→ Records for processing

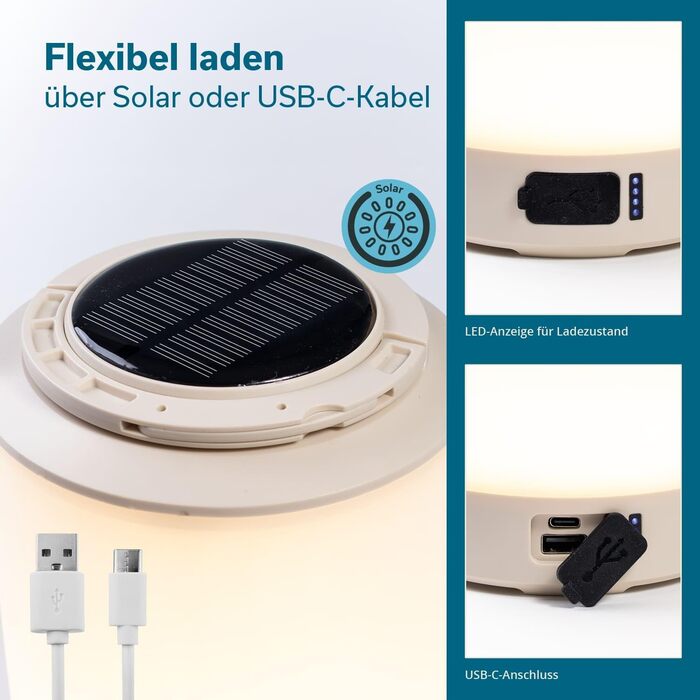 Ліхтар для кемпінгу Skandika Nordsol Акумуляторний світлодіодний ліхтар, теплий білий, зовнішній акумулятор, від 80 до 130 люмен, із зарядним кабелем USB Type-C, 2 x 1800 мАг, з регульованою яскравістю, підвісний Ліхтар для кемпінгу, активного відпочинку 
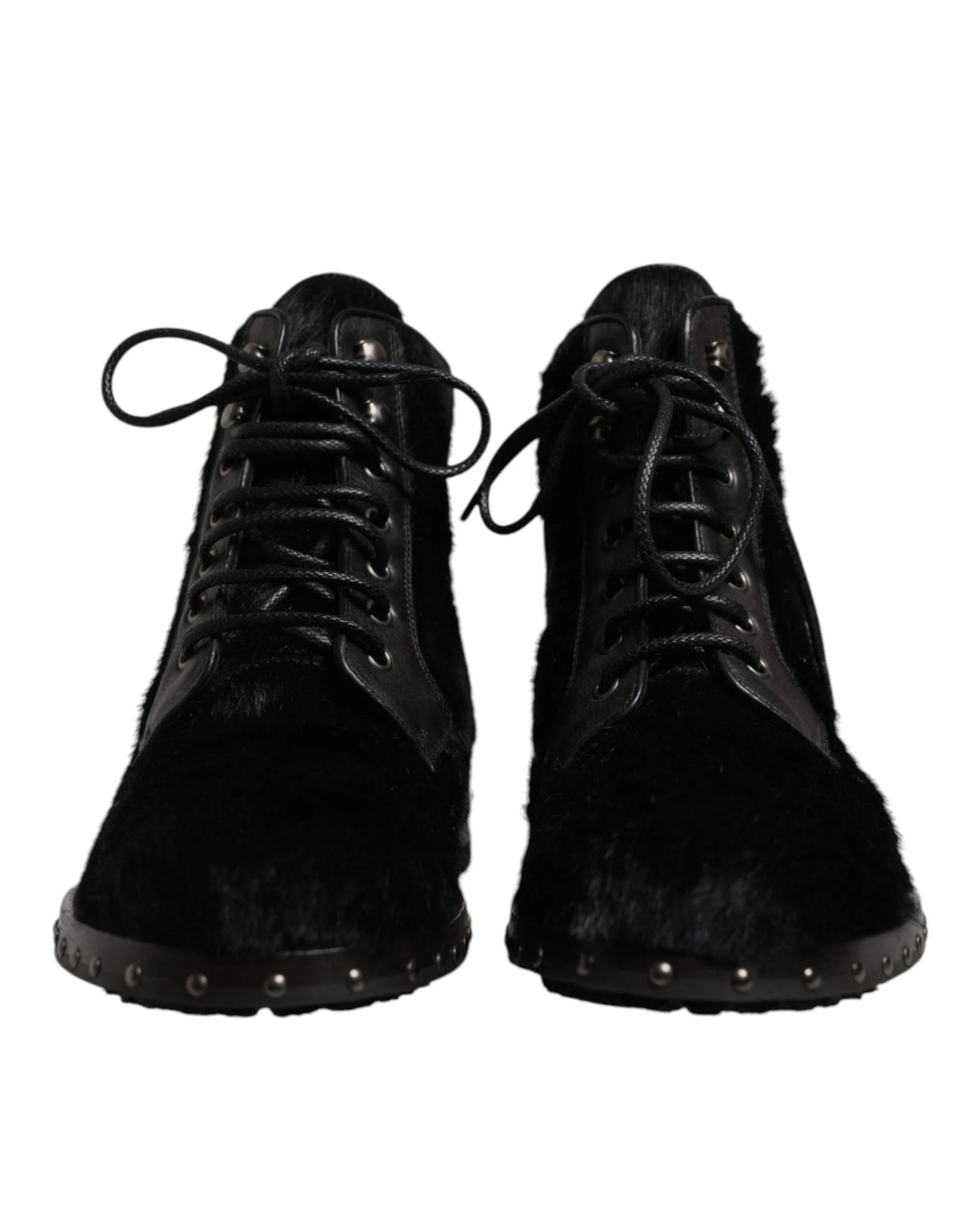 Dolce & Gabbana Black Pony Style Leather Mid Calf Boots Shoes - EU42/US9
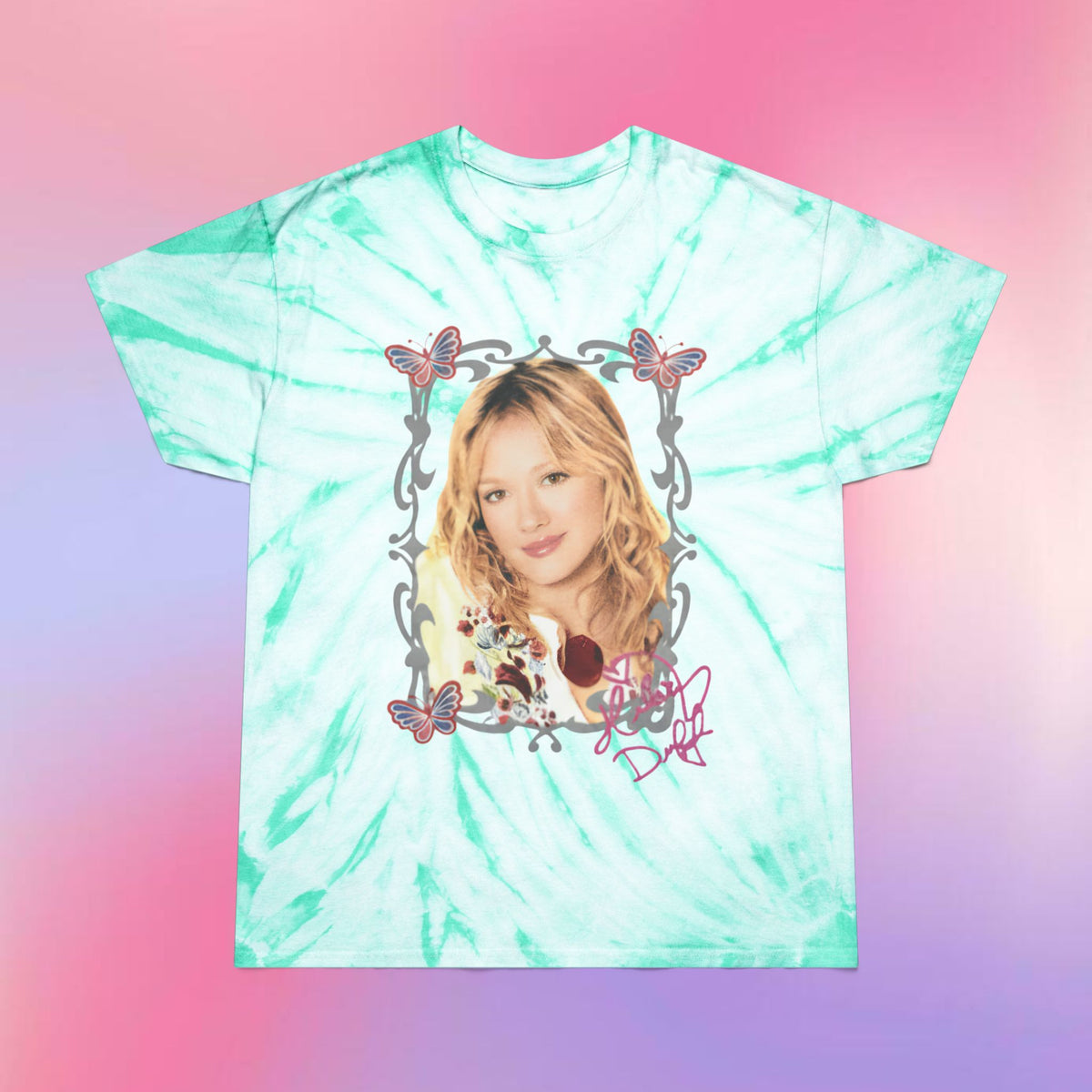 Hilary Duff Inspired Y2K Tie Dye Graphic Tee, Adult Unisex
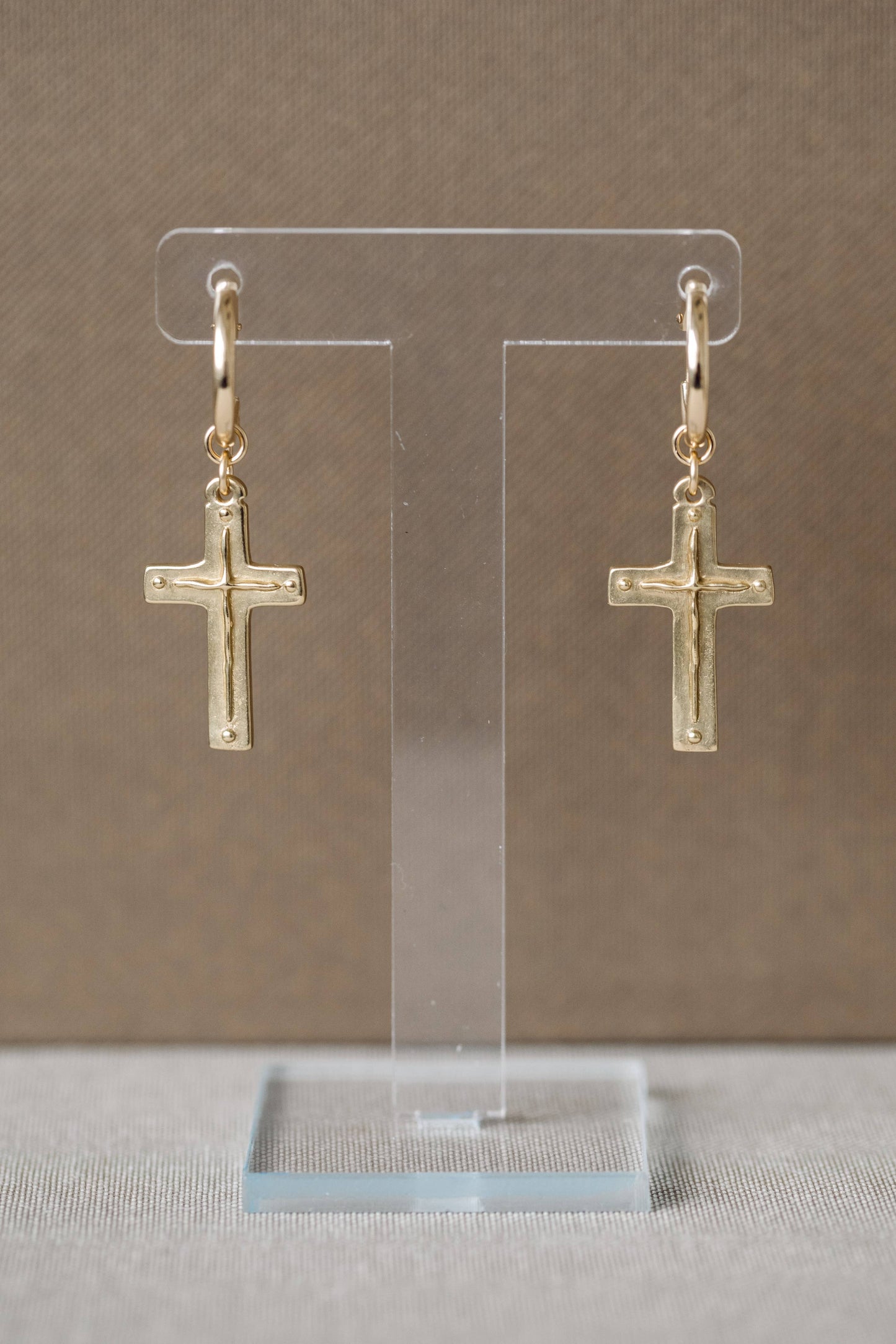 Earring (Original/Gold) Hoop - Cross / Titus 3:4-5a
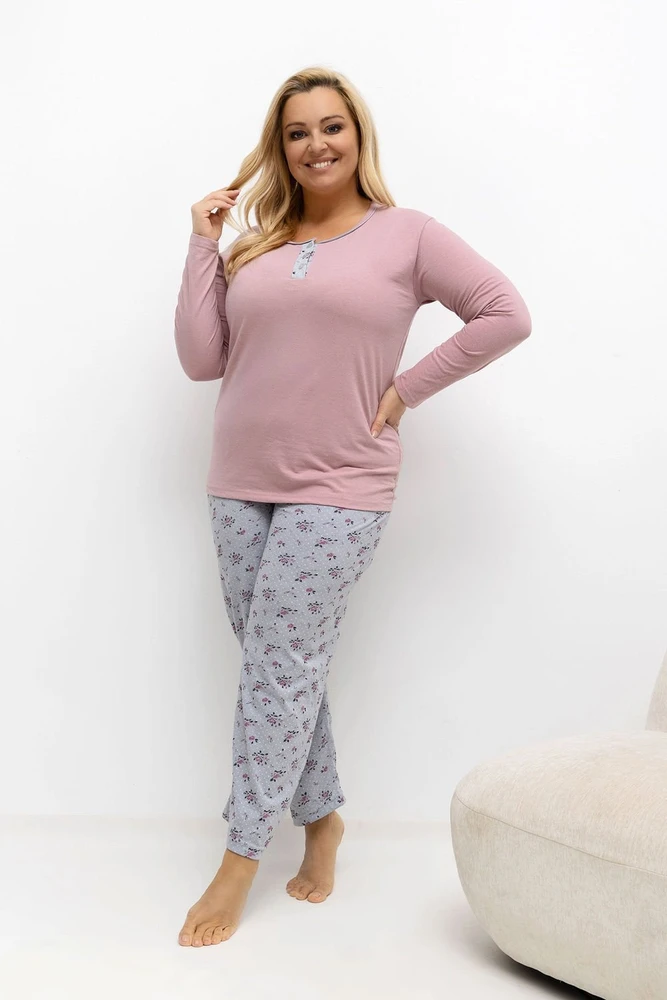 Pink Moteriška pižama Plus Size Forever Rožinė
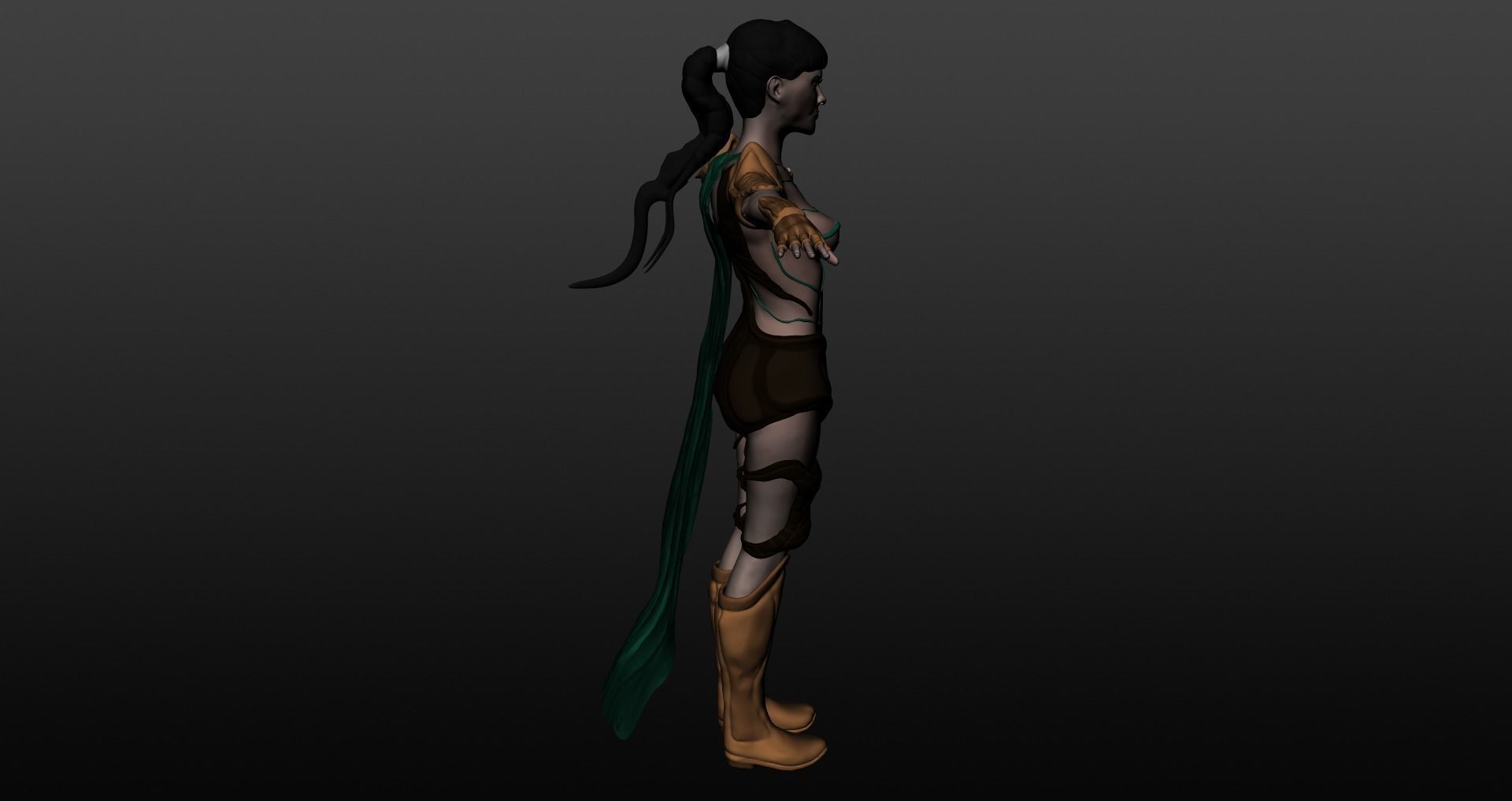 Warrior woman 3D model_3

→ Work request
From the line that contains "Dolce & Gabbana" down to the last line of the material above, every line must be repeated exactly, with pictures removed and both end lines included.

→ Response to the task
 Dolce & Gabbana Black Pony Style Leather Mid Calf Boots Shoes - EU42/US9
 Hilary Duff Inspired Y2K Tie Dye Graphic Tee, Adult Unisex
 Earring (Original/Gold) Hoop - Cross / Titus 3:4-5a
 Pink Moteriška pižama Plus Size Forever Rožinė
 Warrior woman 3D model_3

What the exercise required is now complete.